Franjul-Soto accepts, for purposes of this contention, that the BIA generally may require a prima facie showing of eligibility for the relief that grounds a motion to reopen, whether that threshold showing takes the form of a recounting of why the grounds for removal were mistaken or, as here, why there is merit to a new filing that, if granted, would permit an adjustment of the movant's immigration status. But, Franjul-Soto then goes on to contend that the BIA may not impose that same requirement to make such a threshold showing when the motion to reopen is premised, as his is, on a pending VAWA self-petition. Rather, he argues, it is enough for the movant in that event to demonstrate that the self-petition has been timely filed, as his was.
Franjul-Soto relies for this contention on 8 U.S.C. § 1229a(c)(7)(C)(iv), which he contends creates a "unique rule for VAWA-based relief." But, this provision concerns only the timeliness of VAWA-petition-based motions to reopen, not the requisite evidentiary support on which they must be premised. It simply states that "[a]ny limitation ... on the deadlines for filing" a motion to reopen "shall not apply" if the motion is predicated on VAWA eligibility and certain other conditions are met. See id. § 1229a(c)(7)(C)(iv)(I)-(IV).

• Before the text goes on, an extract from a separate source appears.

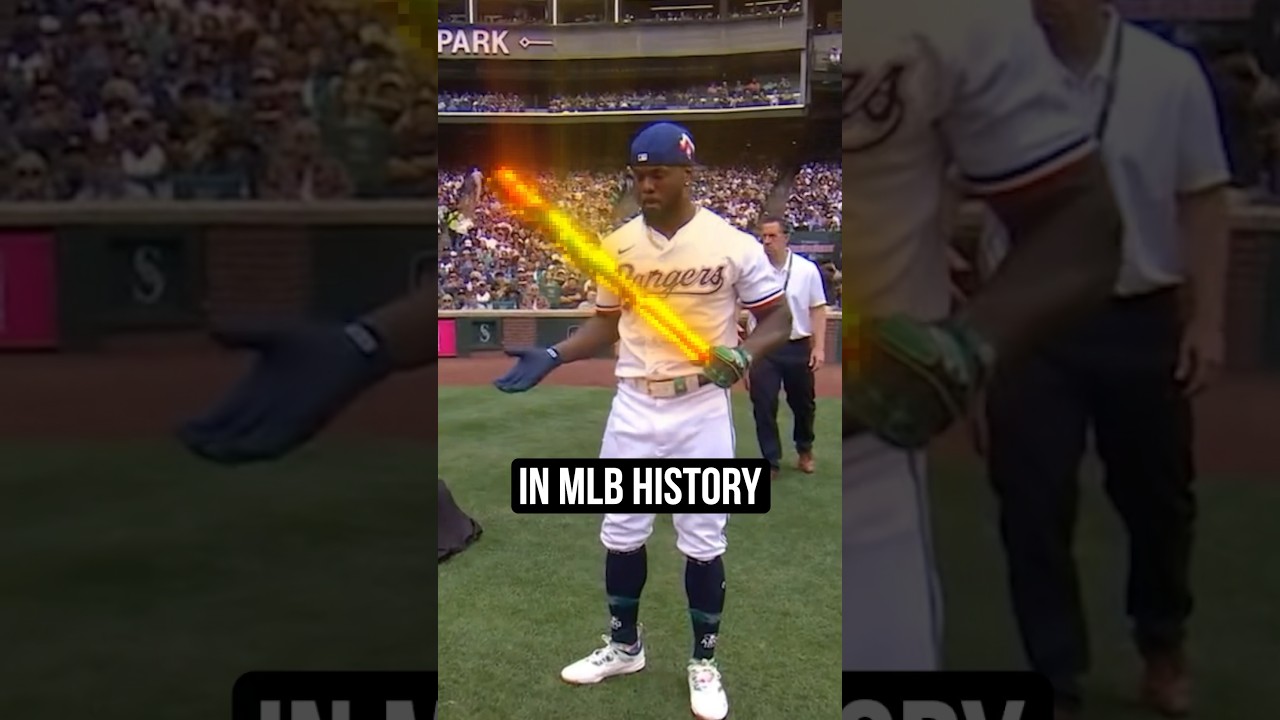 3 Top 3 Most Insane Bats in MLB History 🏏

Thus, this provision is of no help to him.
Franjul-Soto also contends that "the prima facie case standard ... recognized as the threshold for granting a motion to reopen for an asylum case" is "[b]ased on the statutory language at 8 U.S.C. § 1229a(c)(7)(C)(ii)." But this provision, similar to § 1229a(c)(7)(C)(iv), concerns only the "time limit on the filing of a motion to reopen if the basis of the motion is to apply for" asylum. Id. § 1229a(c)(7)(C)(ii) (emphasis added). Franjul-Soto cites no authority suggesting that this language regarding timeliness is appropriately read to encompass the prima facie case standard, and we can find none.

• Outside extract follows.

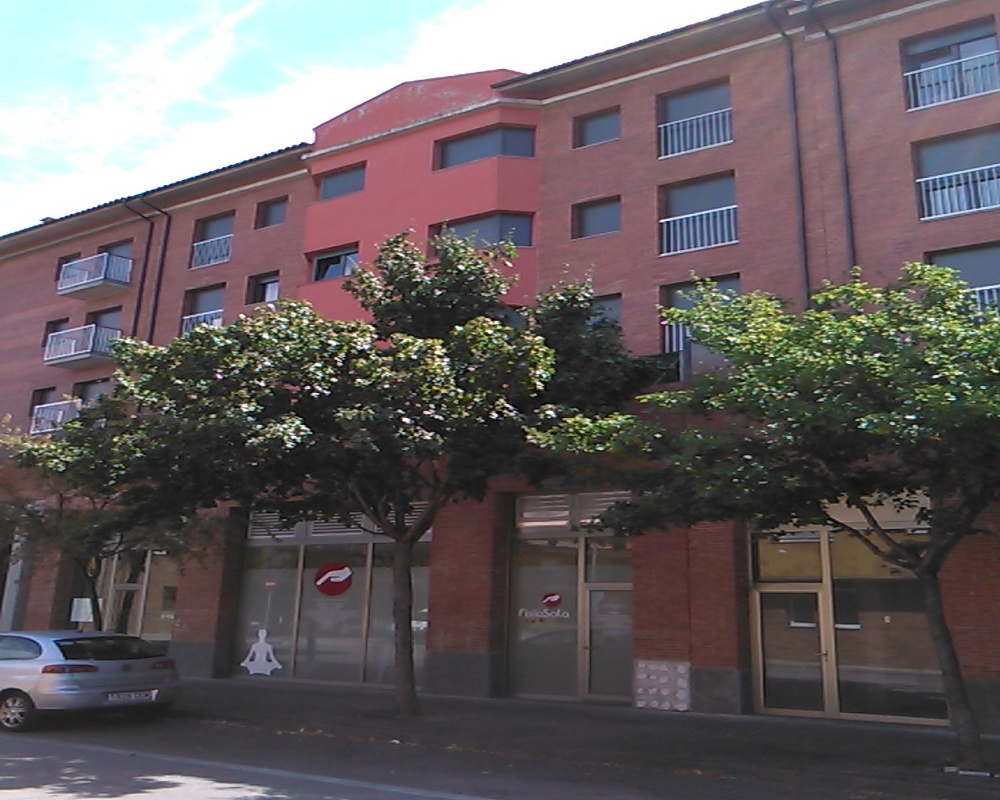 Inmueble situado en Manlleu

Insofar as Franjul-Soto also means to argue that the BIA may not require a prima facie case to be shown in support of any motion to reopen, he is wrong as well. Another provision, 8 U.S.C. § 1229a(c)(7)(B), which Franjul-Soto concedes is applicable here, requires all motions to reopen to be "supported" by evidentiary materials. And, while the government in its brief suggested that the prima facie showing requirement is "neither statutory nor regulatory," BIA regulations appear to ground the prima facie showing requirement in § 1229a(c)(7)(B). See 8 C.F.R. § 1003.23(b)(3) (setting forth the statutory requirement that "[a] motion to reopen ... shall be supported by affidavits and other evidentiary material," and then suggesting that "the moving party ... [must] establish[ ] a prima facie case for relief"); see also id. § 1003.2(a), (c)(1) (similar).
In any event, we have held that the BIA may require that an alien's motion to reopen at least be supported by a prima facie case to be granted, see Carter v. INS, 90 F.3d 14, 17 (1st Cir. 1996) (citing INS v. Abudu, 485 U.S. 94, 104-05, 108 S.Ct. 904, 99 L.Ed.2d 90 (1988) ), and we see no basis for making an exception when the motion to reopen is based on a still-pending VAWA self-petition.
Franjul-Soto is, of course, at risk of being removed while his VAWA self-petition remains pending. But, the self-petition in and of itself says nothing about its merits. Thus, the risk that he could be removed before USCIS rules on it provides no reason to preclude the BIA from requiring that he make a prima facie case that it has merit as a predicate for his motion to reopen.
IV.
Franjul-Soto's final contention is that the BIA erred in finding that he failed to make the requisite prima facie case. We review for an abuse of discretion. See Fesseha v. Ashcroft, 333 F.3d 13, 20 (1st Cir. 2003) ; Carter, 90 F.3d at 17.
Under the prima facie standard, Franjul-Soto had to put forward "objective evidence showing a ‘reasonable likelihood’ " or "realistic chance" that his VAWA self-petition would be granted by USCIS. Smith v. Holder, 627 F.3d 427, 437 (1st Cir. 2010) (first quoting Larngar v. Holder, 562 F.3d 71, 78 (1st Cir. 2009), then quoting Guo v. Ashcroft, 386 F.3d 556, 564 (3d Cir. 2004) ). To grant the petition, USCIS would have to find, among other things, that Franjul-Soto "has been battered or has been the subject of extreme cruelty perpetrated by [his] spouse." 8 U.S.C. § 1154(a)(1)(A)(iii)(I)(bb). Regulations define battery or extreme cruelty as "includ[ing] ... being the victim of any act or threatened act of violence, including any forceful detention, which results or threatens to result in physical or mental injury." 8 C.F.R. § 204.2(c)(1)(vi).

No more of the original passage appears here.